There are two kinds of hurdles that a truck driver faces:
- Firstly, administrative delays which are caused by procedural formalities by the various State borders check posts. Trucks have to stop multiple times for filling forms, have their documents checked, physical checking of their vehicles (often 4-5 times) and consignments by RTOs and traffic police as well as to pay highway tolls and taxes (as reported by The Indian Warehousing Industry: An Overview, October 2013 – EY and CII Report). These formalities take hours and to top that they are not allowed entering into the cities before 10.p.m. Thus, if any unprecedented delays take place due to the formalities mentioned above, they have to wait for hours to get the next regulatory clearance.
- Secondly, non-administrative delays consist of breakdowns, criminal activities on the highways, etc. It’s a totally different story, and we won’t discuss it in this article.
Why are these formalities imposed?
Traditionally, check posts were just for monitoring the movement of goods and preventing smuggling and illegitimacies. But, as the need arose, it transformed its purposes to supporting the State and Central governments by collecting revenue, through VAT, CST and ET, too.
While moving goods across the State borders, the goods carriers encounter various formalities and taxes which are not same in all 29 States. There are various taxes which are not centralised as they are taxes imposed by the State. These cause lack of procedural clarity and levy of taxes multiple times. These all add up to unnecessary delays and logistic costs, which decreases customer satisfaction and wastage of goods like perishables, among other things and making India’s logistic sector expensive, even though India is a country known for its low-cost services.
What do the traders and manufacturers do to avoid these costs?
They place multiple warehouses within a particular State to keep their inventories filled up to avoid the flow of goods multiple times across borders. But this causes strategic disadvantages, increases the cost of warehousing and decreases capital input per warehouse and thus, lacks technology integration. These end up making the logistic companies highly inefficient.

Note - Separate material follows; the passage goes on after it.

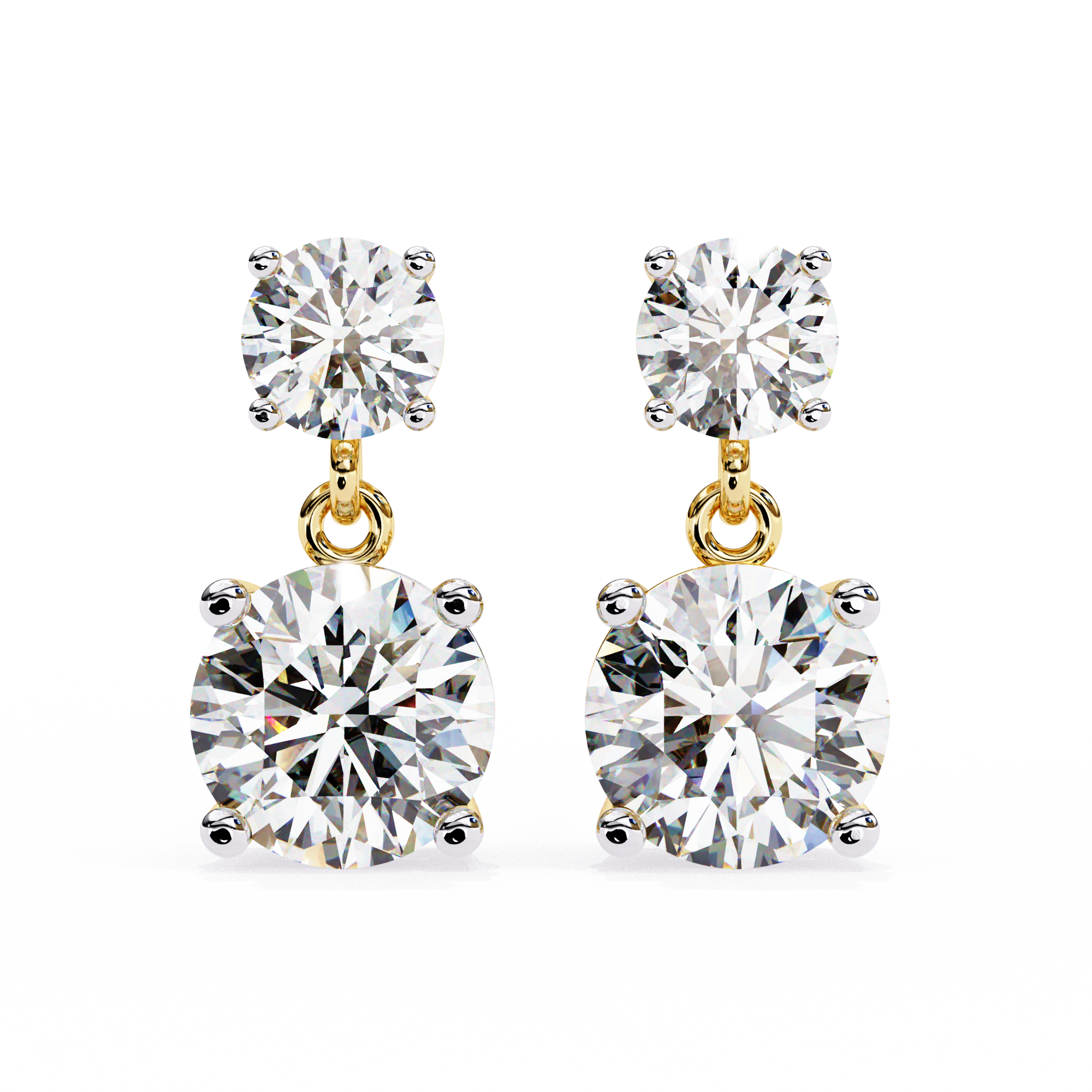 Pair of diamond earrings on a white background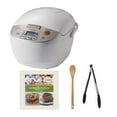thumbnail image 1 of Olla Arrocera y Calentadora Micom Zojirushi (10 Tazas/Beige) Conjunto con Libro de Cocina, Pinzas de Cocina (Acero Inoxidable, Negro) y Cuchara de Bambú de 38 cm (4 Artículos), 1 of 9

There are other problems such as, lack of exchange of information between the parties which incidentally leaves the parties unprepared for the deliveries. It has caused domination of unorganized players over these warehouses because of its highly scattered placement. But as the industry is growing rapidly led by e-commerce, initiatives like “Make in India,” 100% FDI on warehouses, national integrated logistic policy, etc. organized players are rapidly surfacing the sector. These players don’t tolerate such obsolete ways of business and are very quick in adopting modern technology and management systems to maintain speed and accuracy at which they deliver goods to their customers.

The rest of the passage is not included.